South Carolina is currently wrestling with the country's largest single measles outbreak in more than a generation. Spartanburg County has been on high alert since fall, with at least 1,000 cases and possible exposures in fast food restaurants, stores, medical clinics, and a government office. The South Carolina Department of Public Health has had to redirect several hundred thousand dollars previously allocated for emergencies and received an additional $100,000 from the CDC for vaccine-preventable disease responses. The department continues to discuss additional funding needs with the CDC.
The personal cost of measles outbreaks extends far beyond financial calculations. Hundreds of people infected with measles over the past year — more than 1 in 10, according to the CDC — have been hospitalized with dangerously high fever, pneumonia, trouble breathing, and dehydration. Mothers and fathers have spent countless hours by their child's bedside. While most recover, some are left with long-term consequences of encephalitis, including seizures, blindness, deafness, and learning disabilities. Rarely, measles can hide in the body for a decade before re-emerging to attack the brain and nervous system, causing subacute sclerosing panencephalitis, which is almost always fatal.
Two little girls in Texas, ages 6 and 8, died of measles within weeks of their diagnosis. These deaths underscore the human cost that cannot be measured in dollars and cents. "Behind every number is a child struggling with a devastating illness, or a family reckoning with an unexpected hospitalization, and, in the worst circumstances, a death or a long-term consequence from what is a preventable disease," Chokshi said. As vaccination rates continue to decline and measles outbreaks become more frequent, communities across the country face difficult choices about how to protect public health with limited resources and increasing vulnerability.
Scorpion Journal Analysis
At Scorpion Journal, we see this unfolding crisis as a perfect storm of public health failure, political mismanagement, and community vulnerability. The refusal to adequately fund public health departments like Katherine Wells' in Lubbock represents a dangerous short-sightedness that prioritizes immediate budget concerns over long-term community safety. When local health departments are forced to choose between basic services and outbreak response, everyone loses.

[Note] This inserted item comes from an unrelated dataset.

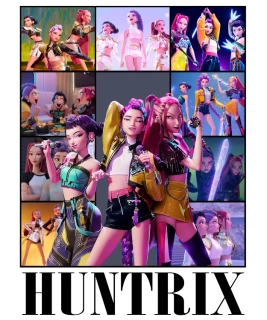 NAŽEHLOVAČKA - Funny Huntrix Kpop Demon Hunters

The economic analysis from Yale provides crucial context that often gets lost in debates about personal choice and vaccine mandates. A potential $1.5 billion annual cost to the nation isn't just an abstract number—it represents real resources diverted from education, infrastructure, and other essential services to combat a disease that was once eliminated. More troubling is the human cost that can never be fully quantified: children suffering from preventable illnesses, families facing unexpected hospitalizations, and communities living in fear of outbreaks that could have been prevented.
We believe the current approach, which emphasizes personal choice over public health necessity, fundamentally misunderstands how infectious diseases work. Measles doesn't respect individual decisions—it spreads through communities, affecting the most vulnerable regardless of their vaccination status or personal beliefs. The fact that 94% of recent cases involved unvaccinated individuals demonstrates that this isn't a matter of personal freedom but of community responsibility. Until policymakers recognize that protecting public health requires both adequate funding and strong vaccination policies, communities across America will continue to face the devastating consequences of preventable disease outbreaks.